## Stored records
──────
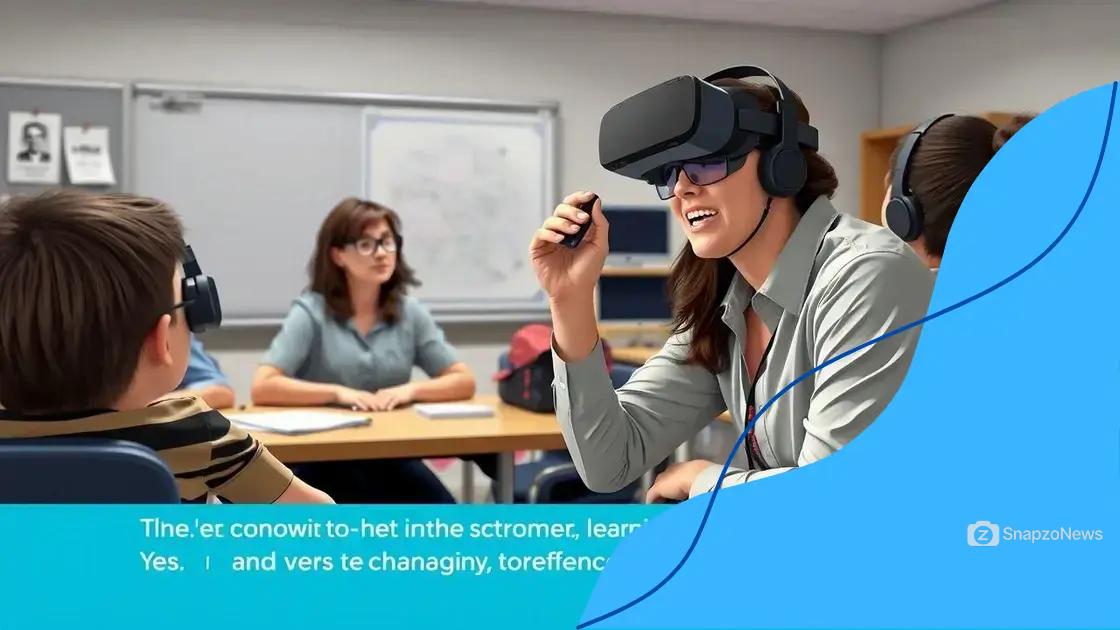 Challenges of implementing virtual reality in schools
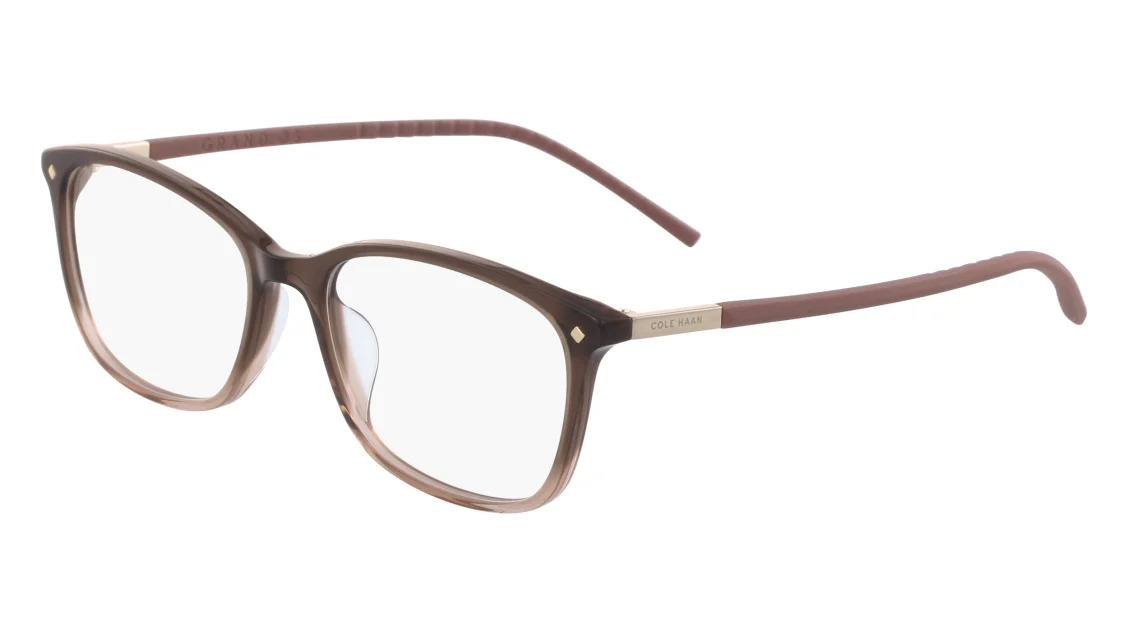 Cole Haan CH5030 Eyeglasses 206 Brown Gradient 53mm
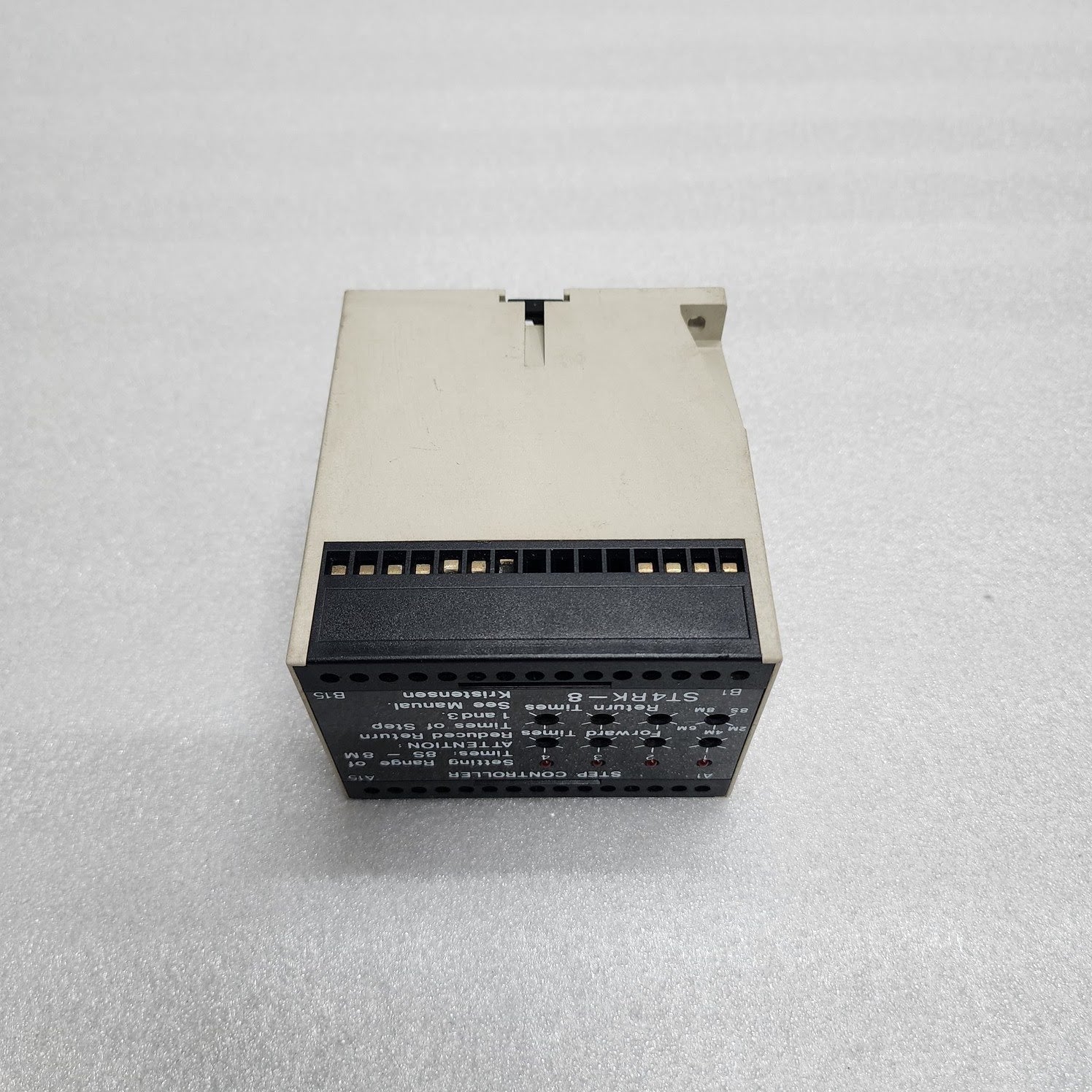 ST4RK-8 STEP CONTROLLER 8S-8M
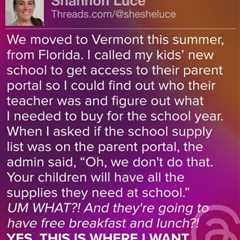 Vermont and Florida: A Key Difference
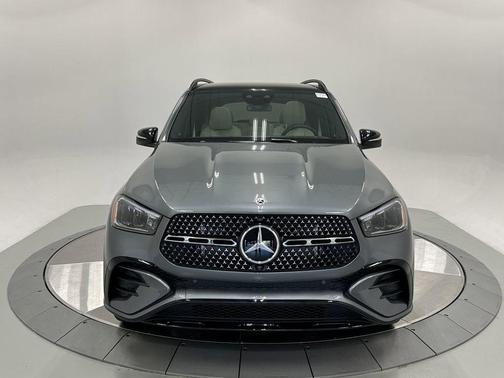2026 Mercedes-Benz GLE 450 4MATIC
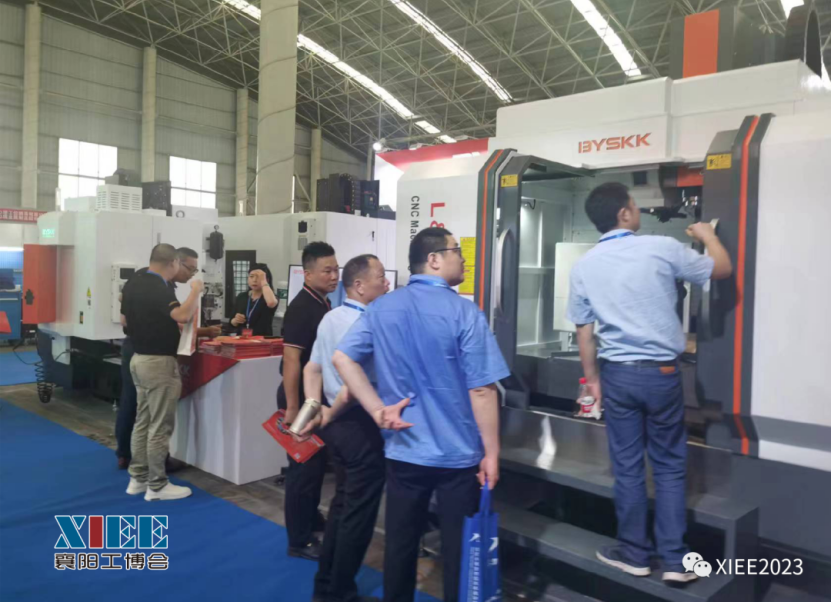 XIEE 襄阳首届智能装备工业博览会完美落幕！| 砥砺前行，未来可期！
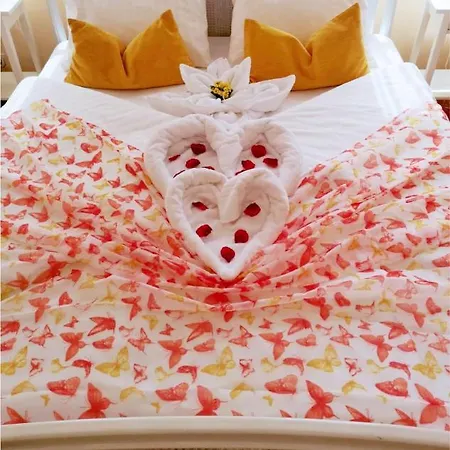 Bed & Breakfast Pension Zum Heiligen Brunnen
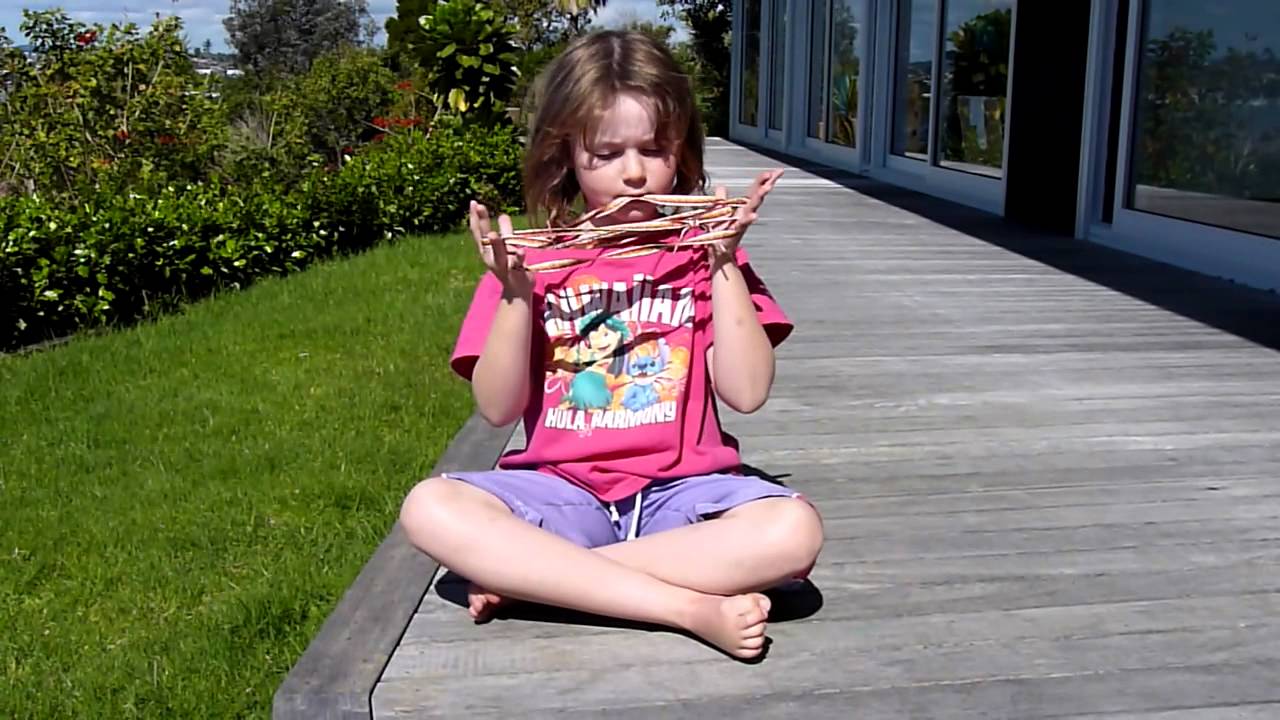 String Games Eiffel Tower YouTube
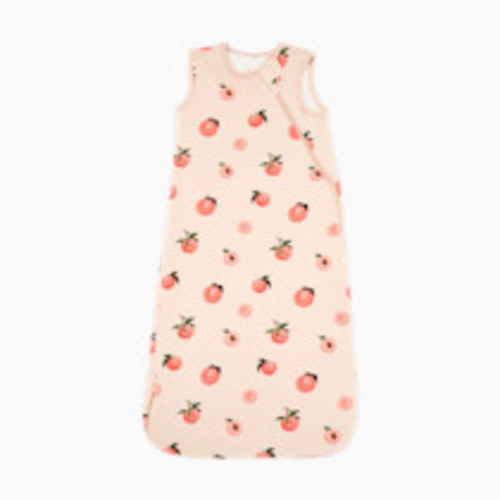 Kyte Baby Printed 1.0 TOG Sleep Bag - Peach, Small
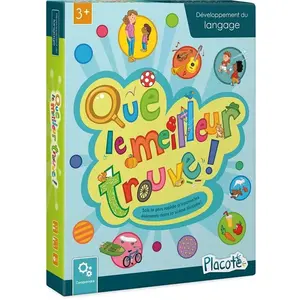 Placote Que le Meilleur Trouve ! pas cher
──────
## TASK REQUIREMENTS
Working from the line with "Cole Haan CH5030" down through the last line of the records, give every line again exactly, but no pictures.

## ANSWER TO THIS PROBLEM
 Cole Haan CH5030 Eyeglasses 206 Brown Gradient 53mm
 ST4RK-8 STEP CONTROLLER 8S-8M
 Vermont and Florida: A Key Difference
2026 Mercedes-Benz GLE 450 4MATIC
 XIEE 襄阳首届智能装备工业博览会完美落幕！| 砥砺前行，未来可期！
 Bed & Breakfast Pension Zum Heiligen Brunnen
 String Games Eiffel Tower YouTube
 Kyte Baby Printed 1.0 TOG Sleep Bag - Peach, Small
 Placote Que le Meilleur Trouve ! pas cher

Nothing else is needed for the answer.